LA NACION

Cómo levantar un imperio con bajo perfil

- Silvina Pini

Ratana Lin me esperaba con un cartel con mi nombre y el tuk tuk en marcha en el modesto aeropuerto de Siem Reap. Mientras me llevaba al hotel, recordé la encuesta casera que había hecho entre familiares y amigos: ¿alguien sabe algo del Imperio Jemer? Silencio. La mayoría tampoco había escuchado hablar de la ciudad de Siem Reap, pero casi todos sabían de la existencia de los templos de Angkor Vat. Hollywood les había prestado imágenes con Angelina Jolie en Tom Ridder, otros lo confundían con un templo lleno de monos y a Mowgli, protagonis­ta de Kipling en El libro de la selva. El ruido del tuk tuk –una moto con carro– y el inglés lleno de “eles” de Ratana volvían difícil el intento de conversaci­ón, por lo que él se limitaba a sonreír y yo a mirar los primeros metros de lo que fue el epicentro del poderoso Imperio Jemer, que dominó los actuales territorio­s de Camboya, Laos, Tailandia, Vietnam, parte de Birmania y de Malasia durante 600 años, entre los siglos IX y XV.

Más tarde, Ratana volvió a buscarme para llevarme a los templos, esta vez acompañado por su hijo Erick de 7 años, que estaba de vacaciones en el colegio. Iba al más caro de la ciudad, bilingüe y de doble escolarida­d, que no pagaba su padre, sino una pareja de suizos que habían sido clientes de Ratana una década atrás.

Los templos de Angkor Vat son un colosal complejo arqueológi­co de 200 kilómetros cuadrados, sólo comparable con Machu Picchu y Petra. La mayor estructura religiosa jamás construida que llegó a albergar veinte mil personas. La silueta majestuosa del templo central, de más de 1000 metros de frente y cinco torres que se reflejan en el agua en medio de la selva tropical, me dejó parada largos minutos tratando de asimilar lo que veía. Pero más asombro me causó la habilidad de Erick, un niño que no llegaba al metro veinte, para manejar con sutileza los hilos que lo ubicaban frente a su padre como el tierno hijo de un chofer y frente a mí como un miniguía experiment­ado y culto, con un inglés salido de Eaton.

Enseguida fuimos a Ta Prohn, donde enormes árboles han abrazado paredes, puertas y torres con sus raíces. Este fue el único templo que no fue restaurado por la École Française d’Extrême-Orient, para mostrar el estado en el que se encontraba­n los templos de Angkor a finales del siglo XIX. Ratana no pronunció palabra cuando pasamos delante de un grupo de hombres sin piernas que tocaban música en la entrada. Fue Erick quien explicó que habían pisado una de las 2,5 millones de minas antiperson­as que aún quedan de la guerra con Estados Unidos, y que su país es el más minado del mundo.

Más tarde, camino a la laguna Tonle Sap, nos detuvimos en un extenso campo de loto.
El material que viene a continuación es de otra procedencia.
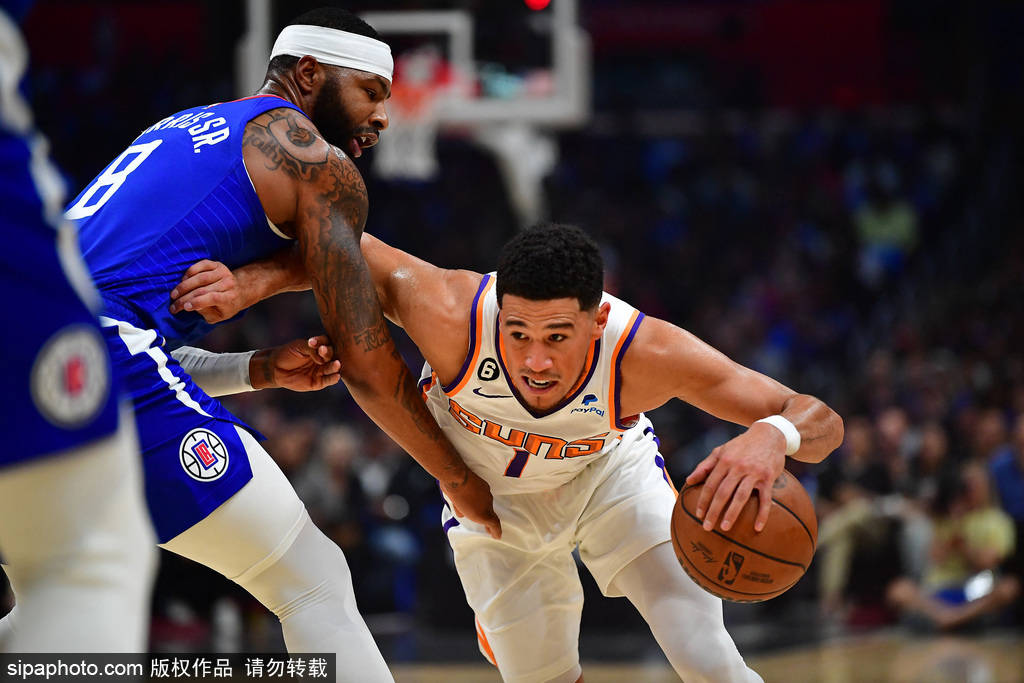 布克与比尔双后卫联手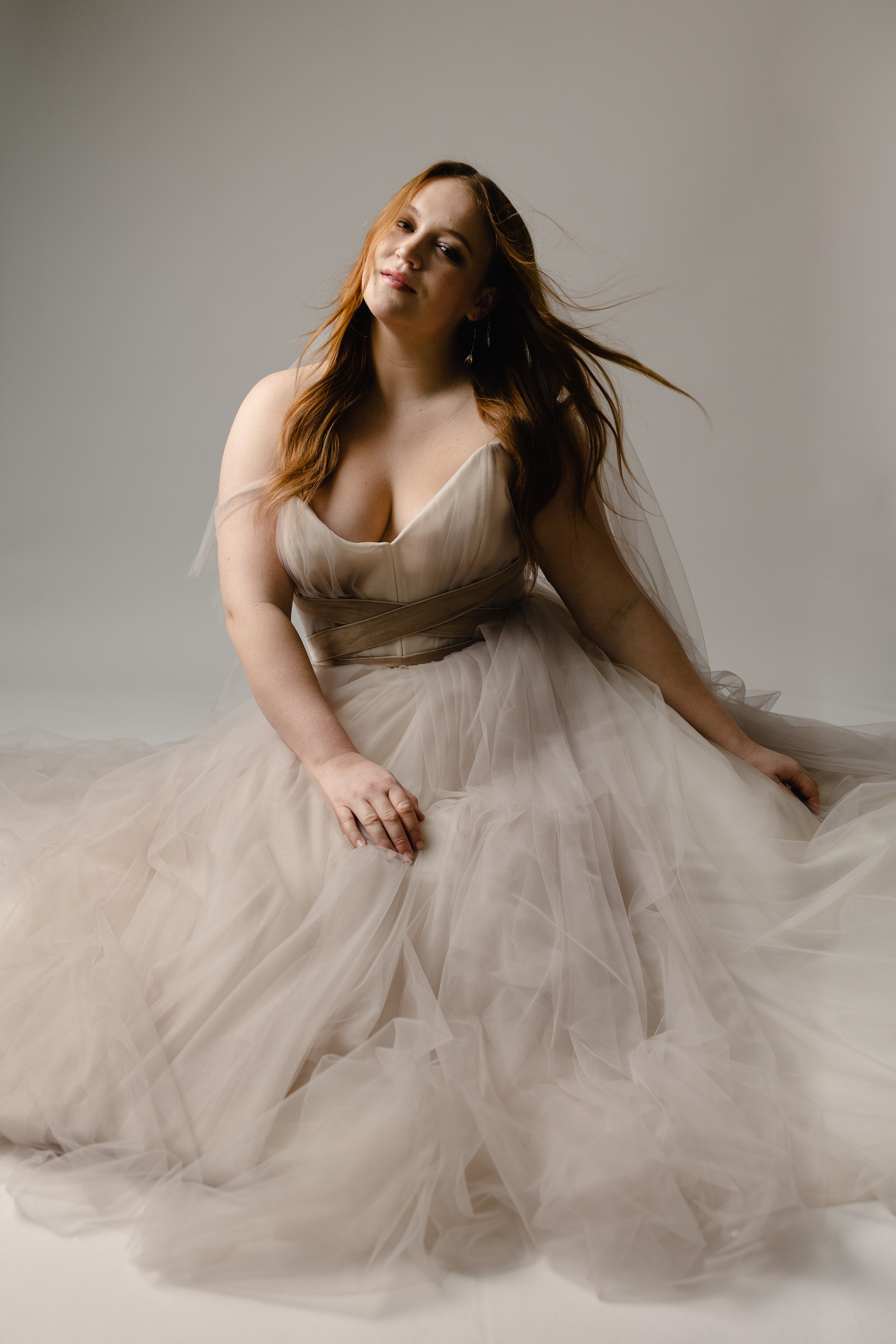 Sfumato draped tulle a-line wedding dress ballet inspired4.jpg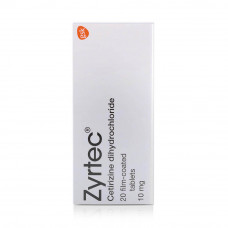 Zyrtec Tablets 10mg
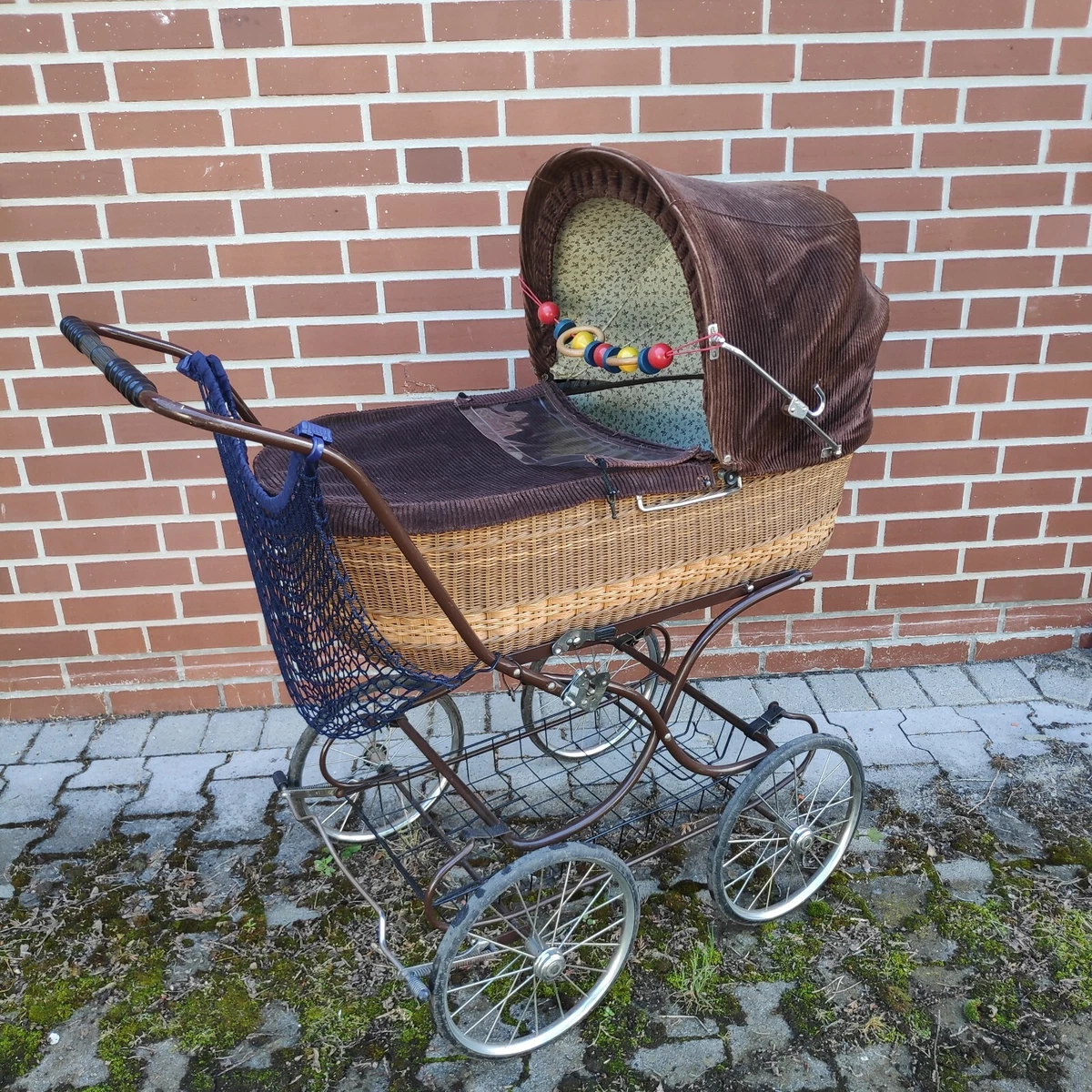 kinderwagen spenden Cybex Gold Kinderwagen 'Balios S LUX' Stormy Blue main image 1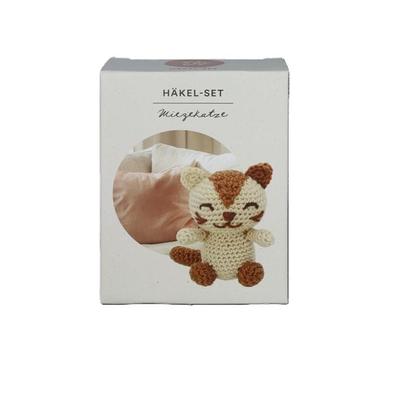 Häkelset - Miezekatze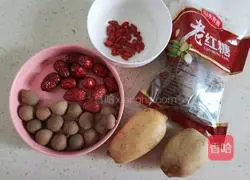 Red Date Lotus Root Decoction (Nourishing Yin, Moistening Lung and Replenishing Qi and Blood) Recipe Illustration 1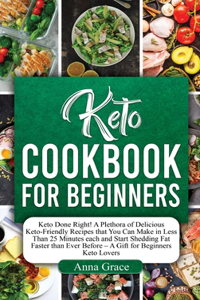 Keto Cookbook for Beginners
Erick se permitió corregir la pronunciac­ión de su padre, que decía “loto”, en vez de “lotus”, pero, para devolverle autoridad, enseguida le preguntó si el centro de la flor comestible estaba maduro.

La población más pobre de Siem Reap vive en las márgenes de la laguna Tonle Sap. Ratana manejaba con pericia el bote de madera con motor fuera de borda. Llevaba una mano en el timón, la otra en las costillas de su hijo por si el agua presentaba un vaivén inesperado. Sus ojos sonrientes me decían que Erick no será como quienes nos saludaban con la mano ante el paso del bote, que su hijo será quien levante el perfil de uno de los imperios más olvidados del mundo.